MILWAUKEE — Downtown Milwaukee businesses inside of the security perimeter for the 2020 Democratic National Convention might be “pretty much screwed” because most of the visitors won’t have access to the businesses, former Philadelphia DNC chairman Ed Rendell said Monday.
The security perimeter for national political conventions is set by the U.S. Secret Service, intended to keep everyone safe. But during a Milwaukee Business Journal eventon Monday, Rendell recommended pushing back if agents are looking to set excessive boundaries within the security zone.
Officials are expected to announce the security perimeter for the downtown Milwaukee event later this year, possibly in 2020.
“You have to be very careful to make sure that the security perimeter doesn’t essentially take away the heart and soul of downtown Milwaukee,” Rendell told the Milwaukee Business Journal, “because inside the security perimeter, only people with guest badges can go beyond the perimeter at certain times of the day,” he said.

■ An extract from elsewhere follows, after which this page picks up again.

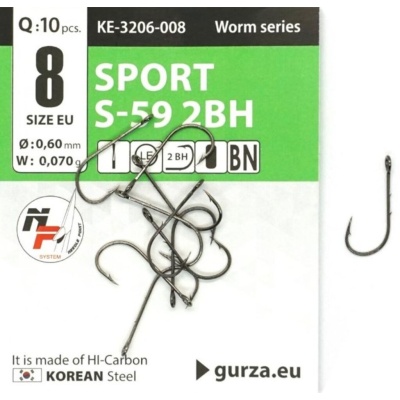 SPORT S-59 2BH # 8 BC 10 шт.(широкое ухо)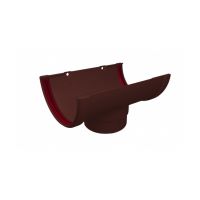 Воронка желоба ПВХ Шоколадная Воронка желоба ПВХ Шоколадная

The former Philadelphia mayor and Pennsylvania governor provided his own example of the struggles, dining at Morton’s Steakhouse shortly before the 2012 DNC event in Charlotte.
“I went to Morton’s for dinner and I figured we’d have trouble getting a table,” Rendell said. “There were only three tables filled on Sunday night at Morton’s. So you have to win that battle,” Rendell told the Business Journal.
While security concerns are unique to each convention, the logistical planning for Milwaukee’s event will differ from Charlotte or Philadelphia.
Many businesses close to Fiserv Forum are expected to be booked well in advance of the convention. Businesses such as Punch Bowl Social & Good City Brewing are directly across the plaza from Fiserv Forum.
Liz Gilbert, the executive director of the DNC host committee, confirmed to the Business Journal that the security perimeter has not been set.
"Security personnel will work alongside business in an ongoing collaboration as we finalize our planning ahead of the convention next year," Gilbert told the Business Journal. "While an event of this size may cause inconveniences, the Secret Service, working together with law enforcement partners, will make every effort to anticipate and minimize any disruptions," Gilbert said.
In an interview after his comments at the event, Rendell said he personally took a role in reaching out to the Secret Service about a smaller security zone. Rendell said he succeeded in his efforts to shrink the perimeter with the help of Pennsylvania’s congressional delegation.
“I called our federal officials, I called Senator (Bob) Casey, I called our congressmen and said, ‘This is ridiculous, it’s not necessary for security. We need your help,' " he told the Business Journal.
“You have to be very careful to make sure that the security perimeter doesn’t essentially take away the heart and soul of downtown Milwaukee because inside the security perimeter, only people with guest badges can go beyond the perimeter at certain times of the day." — former DNC chair Ed Rendell
He estimates the Philadelphia host committee achieved a reduction of “about 20 percent” in the section of the city designated for the security zone.
Businesses outside of the security perimeter will need to be creative to attract DNC guests, Rendell said. Conventioneers will have significant “dead time” outside of the arena during the day and in the evening, he said.
“The more creative you are, the more business you’ll get,” Rendell told the Business Journal.